Give the lines again exactly as they appear below, from the line with "Women's bracelet" to the line with "The Westin Ka'anapali", both included, and only those lines. Leave every picture out.

_RECORDS PROVIDED_

-------------------------

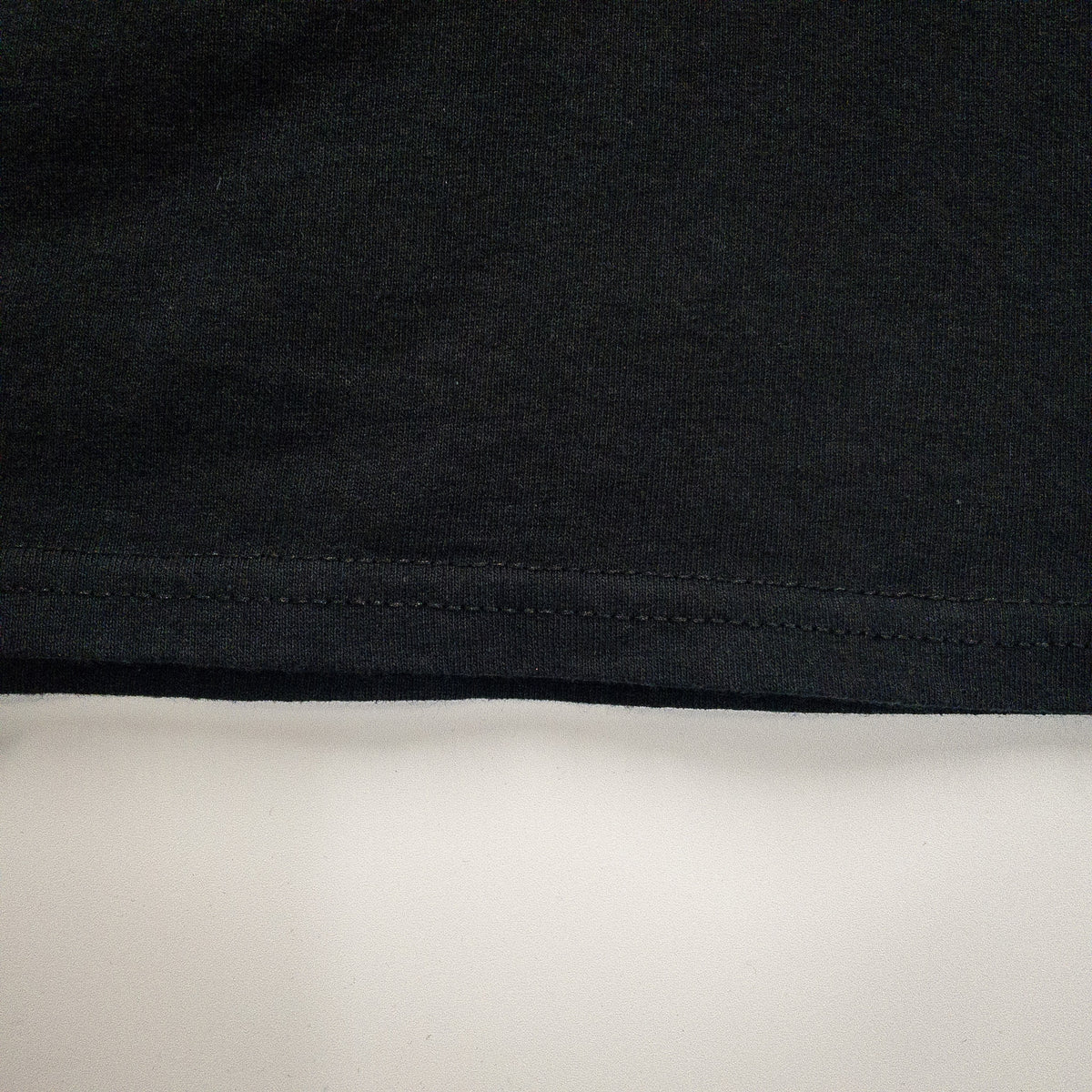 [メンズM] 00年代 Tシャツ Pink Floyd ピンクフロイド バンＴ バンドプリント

-------------------------

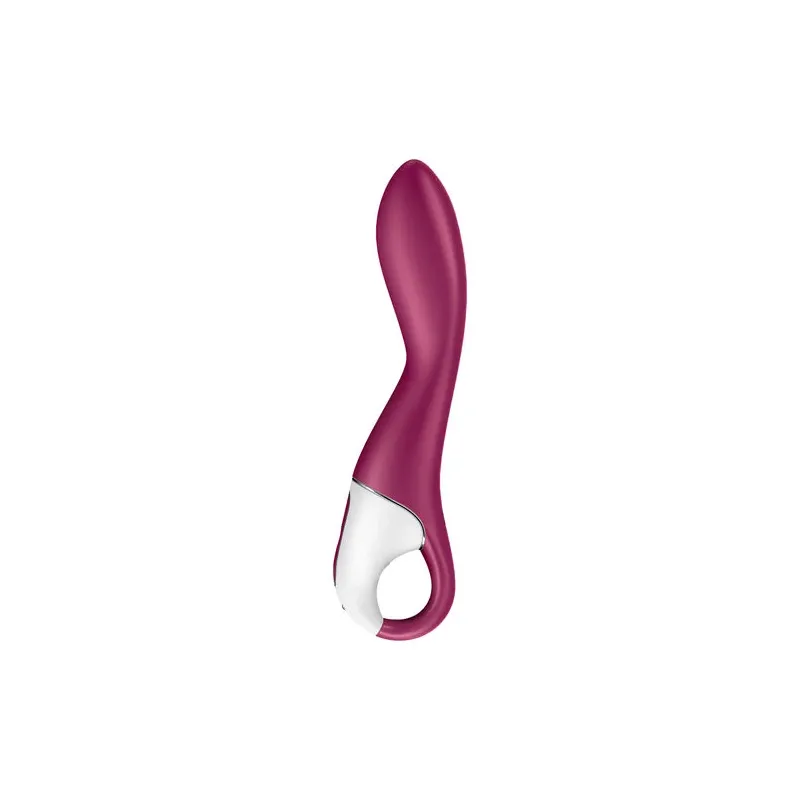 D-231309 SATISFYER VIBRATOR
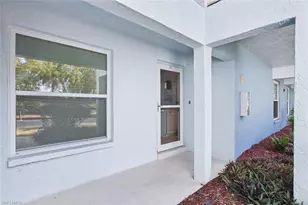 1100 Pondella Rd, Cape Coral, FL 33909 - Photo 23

-------------------------

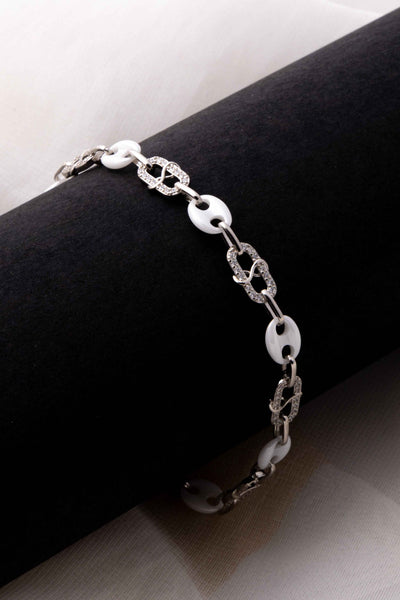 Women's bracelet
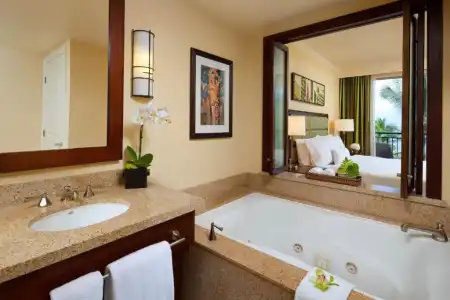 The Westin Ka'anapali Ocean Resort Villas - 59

-------------------------

_TASK RESULT_
 Women's bracelet
 The Westin Ka'anapali Ocean Resort Villas - 59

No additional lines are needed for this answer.